Lord Wedderburn of Charlton: I repeat my question to the Minister: which section?

Lord McIntosh of Haringey: I said that currently there is protection against detrimental treatment on a range of specific grounds, mainly set out in the 1996 Act. I do not have the facilities to go back to all legislation. On that matter I will have to write to the noble Lord, Lord Wedderburn.

Lord Wedderburn of Charlton: I appreciate that but I must protest that the Government come to this Committee and reject an amendment which is quite specific and which adds a normal remedy for workers who are victimised. The Minister says there are remedies already. When I ask him where they are, he does not tell me; he is not prepared for it. He does not come with a section, he does not come with an Act. I am not asking him to survey hundreds of years of legislation.

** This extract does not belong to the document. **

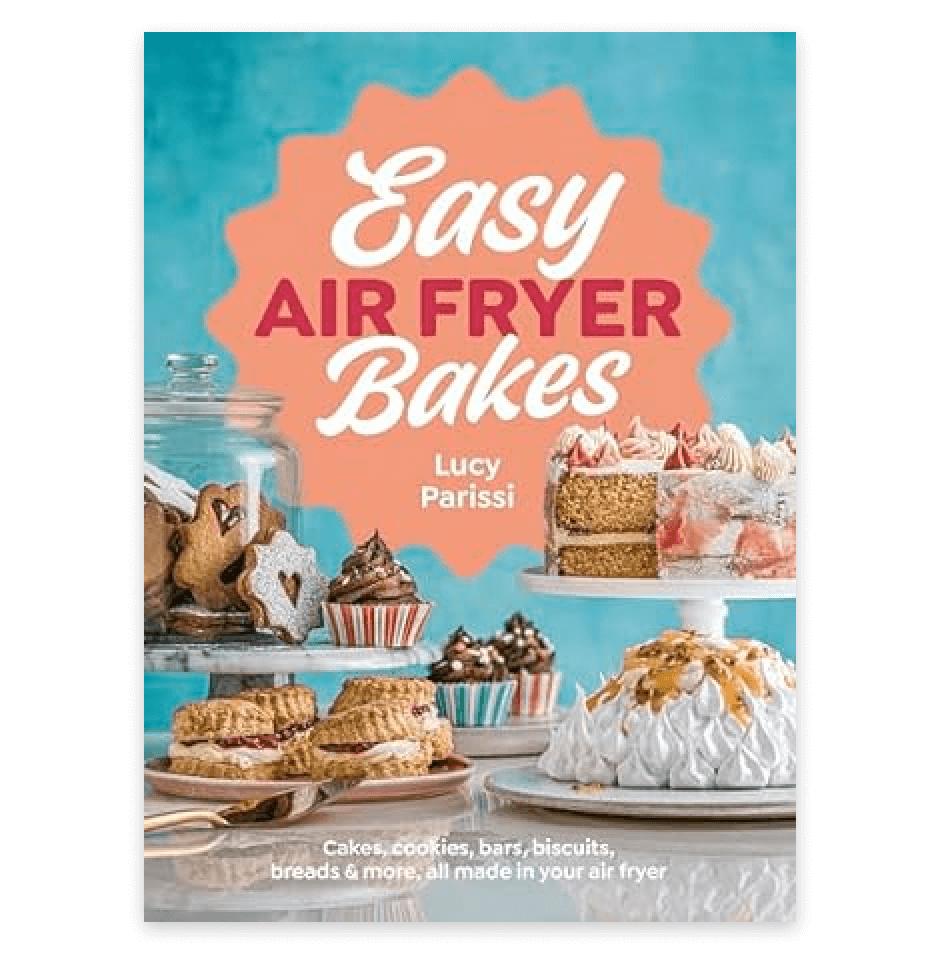 The cover of the book Easy Air Fryer Bakes by Lucy Parissi, creator of Nusde, features cakes, cookies, cupcakes, and desserts on cake stands and plates against a blue and orange background.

He mentioned the 1996 Act; I assume he knew where to find it.

Lord McIntosh of Haringey: What I said was that currently there is protection against detrimental treatment on a range of specific grounds mainly set out in the 1996 Act, but not necessarily only in the 1996 Act. The noble Lord, Lord Wedderburn of Charlton, is entitled to an answer, but I cannot give him an answer off the cuff, and I have offered to write to him.

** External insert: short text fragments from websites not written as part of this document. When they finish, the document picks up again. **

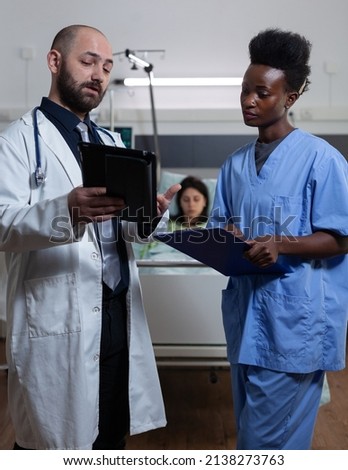 Doctor reading lab results from digital tablet to nurse holding clipboard with medical history at patient bedside in hospital ward. Health care specialists using modern technology for clinical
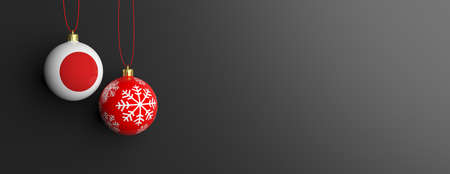 Japan flag on a christmas ball on black background. 3d illustrationの写真素材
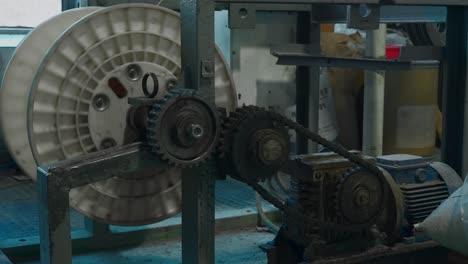 industrial machine with gears, belts, and motor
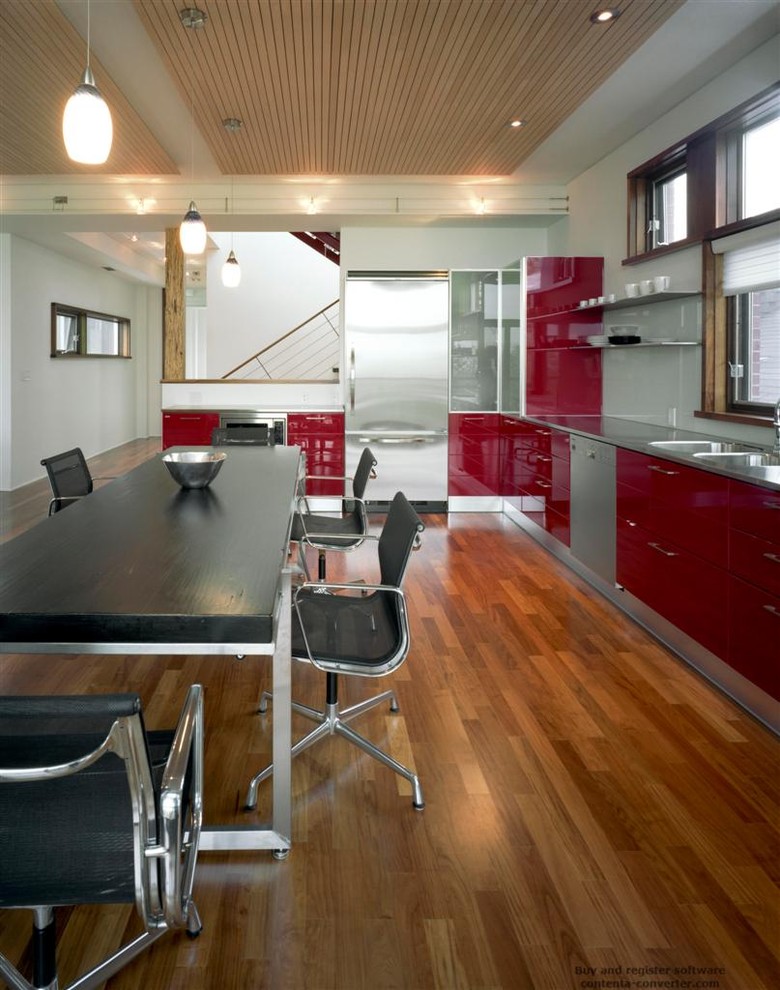 Photo of a modern l-shaped kitchen in Toronto with red cabinets, stainless steel benchtops, glass sheet splashback, stainless steel appliances, medium hardwood floors, no island, an integrated sink, flat-panel cabinets and white splashback.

Lord Wedderburn of Charlton: It is not a question of giving an answer off the cuff; it is central to the argument. I must protest again. I am sorry. The Minister looks bored and fed up. I can well believe he is fed up because he has made a case which he cannot substantiate. If one says to workers "You have a remedy already", one must tell them, or at least their advisers, where it is. The Minister says it might be in some other Act. Which other Act? If it is in the 1996 Act, which section?

Lord Razzall: May I dare to suggest that the Minister should reflect on what the noble Lord, Lord Wedderburn of Charlton, has said, perhaps before we get to Report stage, and provide us with the answer to the question the noble Lord has put and in the meantime the amendment should be withdrawn?

Lord McIntosh of Haringey: Before the amendment is withdrawn, I have undertaken to write to the noble Lord, Lord Wedderburn of Charlton, already. I will copy the letter to everyone else who has taken part in the Committee, and my letter will include a reflection on the matters that I am asked to reflect on.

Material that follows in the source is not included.